There are multiple ways a business owner can exit from his/her business. Each business owner must decide which exit path is most aligned with his/her objectives and then develop a plan that when implemented will lead to the desired outcome -- the ability for the business owner to exit in the manner planned and with the resources desired.
If you are contemplating exiting from your business in the next three to ten years, there are a number of options that may be available to you. You can sell or transfer the business to company insiders. You can sell or transfer the business to a third-party. You may be able to retain ownership and become a passive owner. You can liquidate the company and walk away.
Selling Your Business to Company Insiders
Selling your business to company insiders may mean selling the business to one or more key employees, business partners, co-owners, or family members. It can also mean selling the business to an Employee Stock Ownership Plan (ESOP).

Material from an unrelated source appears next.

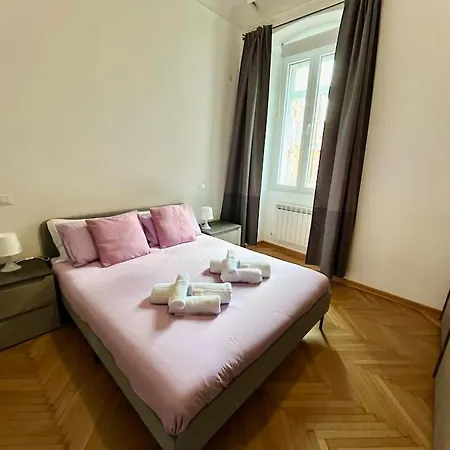 Apartament Vacanza Piazza Goldoni *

Selling Your Business to a Third Party
Selling your business to a third party differs from selling the business to a company insider because the third party is.
Retaining Ownership and Becoming a Passive Owner
Under certain circumstances, a business owner will want to retain ownership and transfer the leadership of the company.
Liquidating the Company and Walking Away
Under certain circumstances, a business owner may determine that the best way to achieve his/ her desired outcome is simply to liquidate the company, close the doors and walk away. This option is particularly important for those business owners that have a pressing need to extract themselves from the business and did not have a continuity plan in place to allow the business to continue operating without them.